WHAT TO WORK ON
Your answer should consist only of the lines below from the one with "LOVEVOOK Laptop Bag" through the one with "Budget Orange Gold", copied exactly.

═════ ENTRIES SHOWN

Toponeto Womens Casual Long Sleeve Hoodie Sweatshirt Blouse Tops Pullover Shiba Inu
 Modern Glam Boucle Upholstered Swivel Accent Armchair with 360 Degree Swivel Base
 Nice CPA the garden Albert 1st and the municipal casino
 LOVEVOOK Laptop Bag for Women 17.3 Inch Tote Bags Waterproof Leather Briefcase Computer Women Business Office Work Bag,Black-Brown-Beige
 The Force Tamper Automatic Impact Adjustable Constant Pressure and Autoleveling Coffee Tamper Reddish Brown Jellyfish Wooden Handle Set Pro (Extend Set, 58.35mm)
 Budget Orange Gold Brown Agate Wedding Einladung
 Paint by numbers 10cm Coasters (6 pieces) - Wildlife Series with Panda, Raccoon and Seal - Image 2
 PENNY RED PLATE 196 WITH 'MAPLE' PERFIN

══════════

ANSWER SECTION
 LOVEVOOK Laptop Bag for Women 17.3 Inch Tote Bags Waterproof Leather Briefcase Computer Women Business Office Work Bag,Black-Brown-Beige
 The Force Tamper Automatic Impact Adjustable Constant Pressure and Autoleveling Coffee Tamper Reddish Brown Jellyfish Wooden Handle Set Pro (Extend Set, 58.35mm)
 Budget Orange Gold Brown Agate Wedding Einladung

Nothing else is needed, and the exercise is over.